Another objection is, that the assets fraudulently suppressed were received after the administrator was appointed guardian, and therefore might properly be considered as received on guardianship account. It appears to me, that this objection is not supported either in law or fact. The administration in England was granted professedly at the request, and upon the authority, of the American administrator. It was auxiliary to the American administration; and the proceeds were not only drawn for by the American administrator, but were received by him, as assets of his testator. It is true, that the English administration was granted upon the supposition, that Isabella survived her father; and that her husband was entitled to the beneficial interest in the legacy as her representative. But this does not vary the legal result, for the money received was clearly assets. It is an entire mistake to suppose, that the Rhode Island laws (see St. 1798, pp. 276, 294, 293) in force, at this period, do not authorize the administrator there to receive any debts or property which, at the time, were not locally due or existing, within the state. Whatever property was received by him as belonging to the testator, and as part of his assets, he was bound to administer, wherever it might have been at the time of the death of the latter. The condition of the bond contains a clause, that he shall well and truly administer all the goods, chattels, rights, and credits of the testator, which at any time shall come to his hands and possession. It is one thing, whether he could, without a new administration, recover by suit any debts or property in a foreign country; and quite another thing, when he obtains a possession of them, whether he must not account for them as assets. A voluntary payment by a debtor to a foreign administrator is a good discharge of the debt; and the latter holds the same as assets. See Williams v. Storrs, 6 Johns. Ch. 353; Doolittle v. Lewis, 7 Johns. Ch. 45. This can only be upon the principle, that the administrator may rightfully receive them as assets in virtue of his authority as administrator, and give a competent discharge.

What, then, was the duty of the administrator upon the receipt of these assets? It was plainly his duty to inventory them, and account for them, as part of the testator's estate in his hands and possession; and upon the settlement of his accounts in the probate office, he ought to have procured a decree directing a distribution of the balance between his wards, in equal moieties. Had he so done, there would have been no question, upon the principles settled by this court in Taylor v. Deblois [Case No. 13,790], that the administration bond would have been uncharged, and by operation of law he would have been deemed to possess the balance, in his character as guardian.

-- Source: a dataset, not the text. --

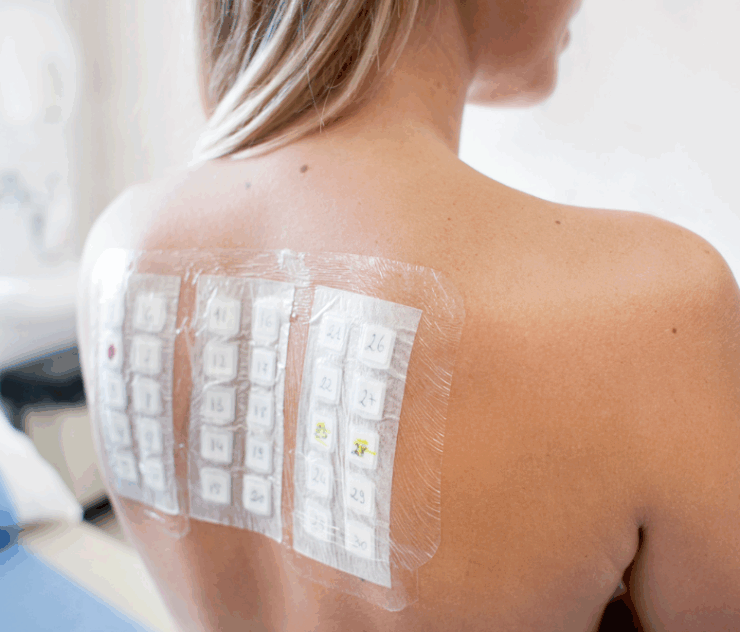 Allergy Testing and Treatment in McLean and Northern Virginia ENT Clinics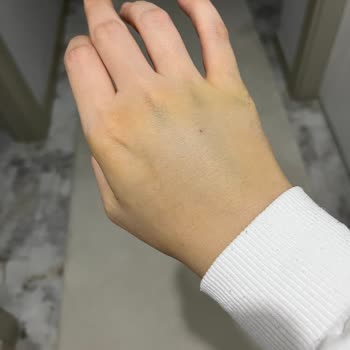 Acil Serviste İlgisizlik Ve Yanlış Müdahale Sonucu Elimde Kalıcı Hasar Oluştu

This leads me to the consideration of another objection of a more grave complexion. It is, that, though the property was received by R. M. Ambrose in his character as administrator; yet as he was at the same time guardian of the parties entitled to the proceeds upon a decree of distribution, by the mere operation of law, and without any act done by him, it was instantaneously transferred to his account as guardian, and so all responsibility under the administration bond is extinguished. If any act had been done by R. M. Ambrose, by which he elected to pass the property to his guardianship account; or if he had charged himself with it in the probate court as guardian, there would be little difficulty in adopting this conclusion. The real question on this part of the case is, whether, without any such act, without any admission of assets, or any admission of responsibility as guardian for the amount, a court of equity is bound to make that application for the party, which he has not made for himself. In this respect, it differs materially from Taylor v. Deblois [supra], and therefore is not necessarily governed by it. In that case the court said: “The general principle in cases of retainer is, that where the party unites in himself, by representation or otherwise, the character of debtor and creditor, inasmuch as he cannot sue himself, he is entitled to retain, and the law will presume a retainer in satisfaction of the debt, if there are assets in his hands.” I see no reason, upon a review of the authorities, to doubt the accuracy of this statement; and it is supported by Burnet v. Dix, 1 Rolle, Abr. “Executors,” (L.) par. 3, pl. 45, 2 Brownl. & G. 50, and Woodward v. Lord Darcy, 1 Plowd. 184. See Toll. Ex'rs, bk. 3, c. 3.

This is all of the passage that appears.